3. Submission to the Leadership of Hindus in Christ
This is not an easy one. It is already a real problem at this stage that more and more internationals are engaging Hindus but there are very few Hindus who are mature in Christ; and Hindus who are mature in Christ need to be engaging Hindus, not primarily internationals. We alongsiders have visions and goals and we can lead, but we cannot afford to do so in our own name; somehow we need to be under the authority of fellow believers who are Hindus in Christ. You may need to work for a decade or more to create this kind of situation. Maybe this ideal is simply out of reach for those who serve in North America, but we should be seen to be functioning under our brothers who are Hindus in Christ and we should go to great lengths to make this a reality. We have inherited a terrible tradition that can only be considered both colonial and dollar-driven. These are patterns that must be broken and must be manifestly seen to be broken, and I would make this a fundamental requirement for effective service.

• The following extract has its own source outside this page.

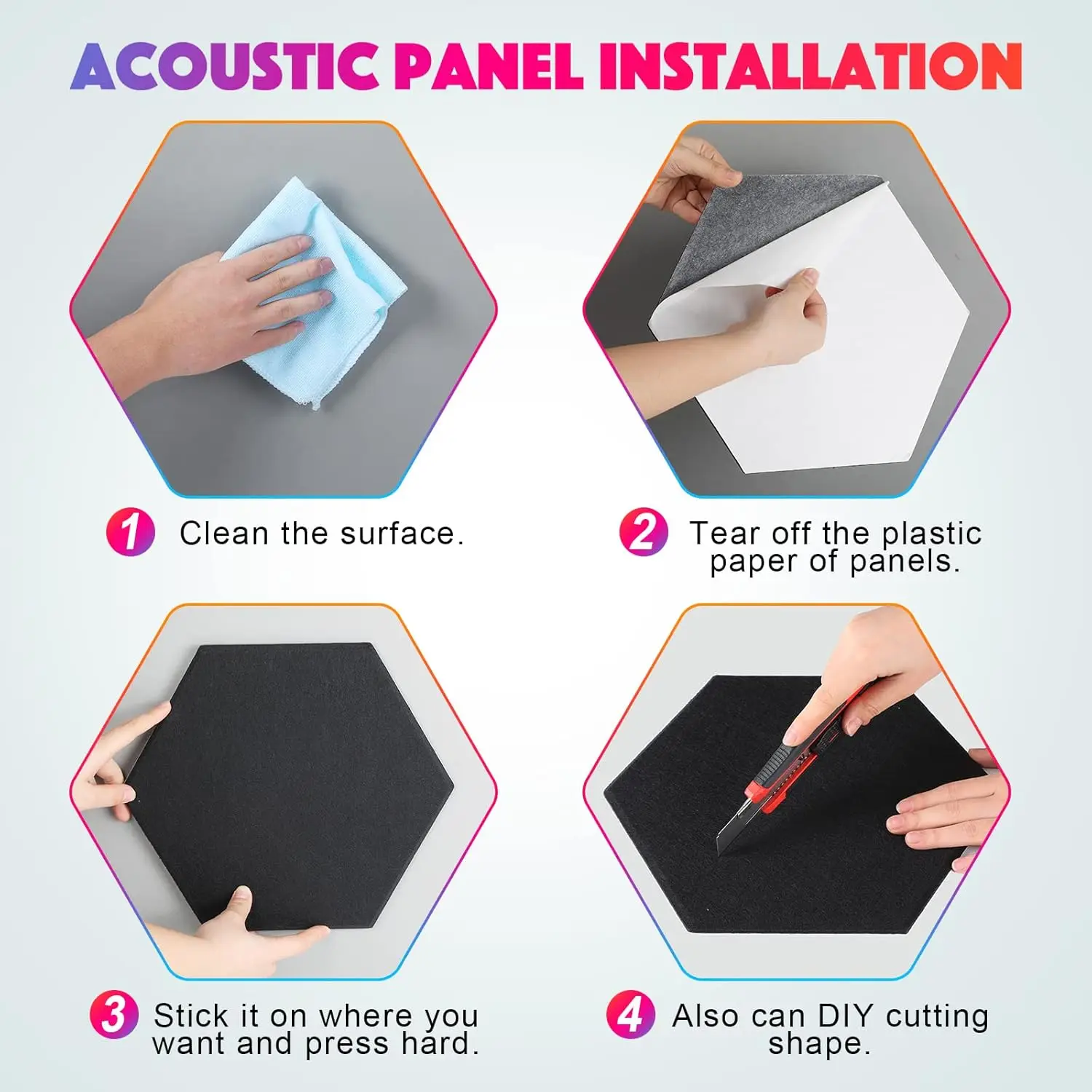 Anika Factory Direct Sales Recycle Pet Acoustic Panels Sound Absorption Flame Retardant Polyester  Acoustic Panel for Cinema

I remember being invited to a meeting of insider advocates a few years ago and being shocked after arriving there and learning that it was a gathering of insider advocates and their right-hand men (insiders). I did my best to point out that no insider advocate should have a right-hand man or woman, rather they need to be right-hand men and women. Initiatives and leadership must come from the insiders, and if we are privileged to serve at the right hand of such people it is a great honor.
4. Cultivating Reticence
Only the reticent individual can be an effective alongsider. J. H. Bavinck’s concept of possessio defines how we view the gospel and cultures—that we take possession of culture for Christ; but this is triumphalistic and imperialistic despite it being biblical. The key is that this taking possession of cultures is not for internationals to do; we must back off and see that insiders do the real thing. This is not my role and responsibility; I am not qualified for this. I must keep backing off and allow others, genuine insiders, to take initiative and move forward. God bless those who want to be right-hand persons in this process. These issues in Hindu ministry are not our issues. Internationals are zealously engaging with these matters, and while I want to encourage that, I fear we do not know anything about reticence; this is a quality we need to study more carefully and zealously cultivate.

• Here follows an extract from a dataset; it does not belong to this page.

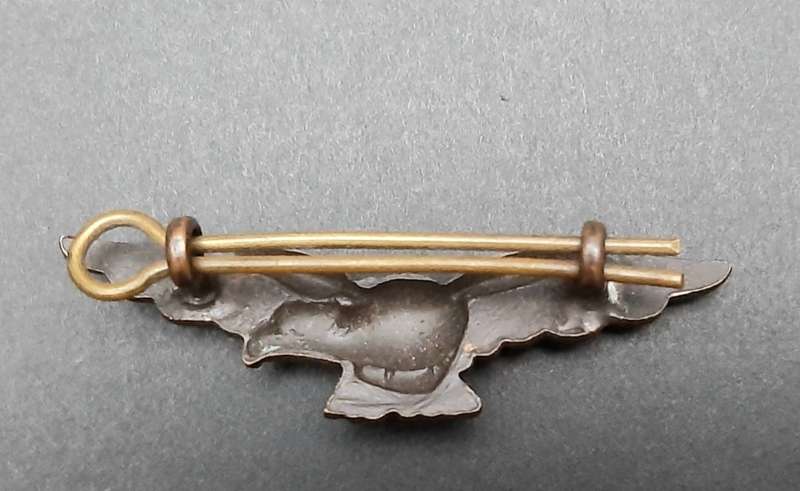 **RARE: WW2 SA Air Force Path Finder Bomber Qualification Badge w/ Slide Pin.**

We are in the Hindu world as guests, and it is not our world. It is at the largesse of our Hindu friends that we are there; in all matters we defer to others, in all matters we are constantly stepping back. Even theologically we must shift back from the matter-of-factness of our doctrinal statements to a sense of mystery. Doctoral statements are often our rather desperate attempts to define biblical mysteries, and usually end up defining those mysteries with extra-biblical terminology. All Protestant doctrinal statements are clear (at least implicitly) that they are not final; they are flawed attempts to explain sacred scripture. We go with the mystery of the infinite and eternal God into the complexity of new languages and cultures. We can help if we truly go to serve, but we need to break many of our own cultural patterns and cultural habits.
It is not unusual to hear calls for catalysts and change agents among Hindus. But, technically, a catalyst is the last thing we want to be. In a scientific formula, a catalyst introduces change without itself changing. Alongsiders especially need to expect to learn and change and experience a transformation themselves that is beyond what they can even imagine. To that end, these roles and qualifications have been outlined.